RUU ini akan menerapkan pemilikan tanah pertanian yang biasanya dipergunakan sebagai tanah produktif dan bukannya tanah untuk keperluan property perumahan. Hal ini sebagai upaya pihak Afsel untuk mereformasi sistem pertanahan mereka dan juga keamanan pangan mereka.
Jika pemilikan tanah oleh warga lokal melebihi 12.000 hektar, menurut Nkwinti porsi kelebihannya akan dilakukan redistribusi tanah. “Setiap tanah yang melebihi ambang batas pemilikan akan diredistribusi, dan tentu saja akan diberikan ganti kerugian sesuai prinsip kepatutan” kata Nkwinti. Meskipun tidak menyebutkan tentang sektor industri yang sudah memiliki tanah melebihi ambang batas, yang kemungkinannya akan dilakukan pengkajian ulang, namun menurut Nkwinti sektor pertanian, kehutanan, energi terbarukan “dapat memiliki tanah lebih banyak”.
Pihak industri sudah mengajukan protes terkait RUU pemilikan tanah karena hal ini menyerang hak kepemilikan pribadi dan juga diramalkan dapat memicu dampak negatif pada perekonomian. Maka terkait kritik tersebut Nkwinti mengatakan bahwa terdapat pihak yang mempunyai tanah dan mereka ingin melindunginya dan juga terdapat pihak yang tidak mempunyai tanah dan mereka menginginkannya, maka tugas pemerintah adalah memediasi kepentingan para pihak tersebut.

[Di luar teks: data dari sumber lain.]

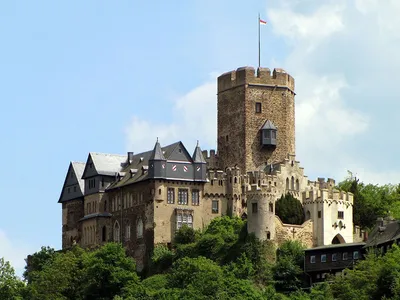 Средневековые замки Германии - впечатляющего Hohenzollern Стоковое Фото -  изображение насчитывающей холм, наглядно: 106039772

Menurut Nkwinti, Afsel adalah satu satunya negara yang meluaskan kebijakan pemilikan tanah untuk individu dan entitas, dan gagasan dari RUU itu adalah untuk melayani warga negara Afsel terlebih dahulu. “Pada saat yang sama kami juga mengapresiasi bahwa faktanya memang kami memerlukan investasi asing untuk beragam alasan dan menyeimbangkannya adalah tugas kami dan kami akan melakukannya” kata Nkwinti sebagaimana dilansir oleh moneyweb.co.za.
Maka terkait keriuhan RUU tersebut oleh beragam kepentingan industri, maka pihak pemerintah akan melakukan pengkajian ulang dan mengkonsultasikannya dengan penasihan pemerintahan, dimana terdapat hal hal tertentu di RUU yang perlu untuk diperhatikan untuk kemudian diundangkan. Pihak pemerintah juga telah mendirikan komisi pertanahan yang akan menyelenggarakan urusan tanah pertanian yang dimiliki oleh lokal dan asing.
Komisi ini akan bertindak sebagai regulator saat RUU ini sudah diundangkan. Pada titik ini, menurut Nkwinti tidak ada dasar indikasi kepada pemilikan tanah oleh asing, sebagaimana dilaporkan oleh media, bahwa hingga 2007, kurang dari 5 % tanah pertanian dimiliki oleh pihak asing. Saat ini RUU masih dibahas di kabinet untuk disetujui, lalu diajukan ke forum konsultasi publik untuk diundangkan oleh parlemen dan kemudian dikirimkan ke Presiden untuk ditandatangani.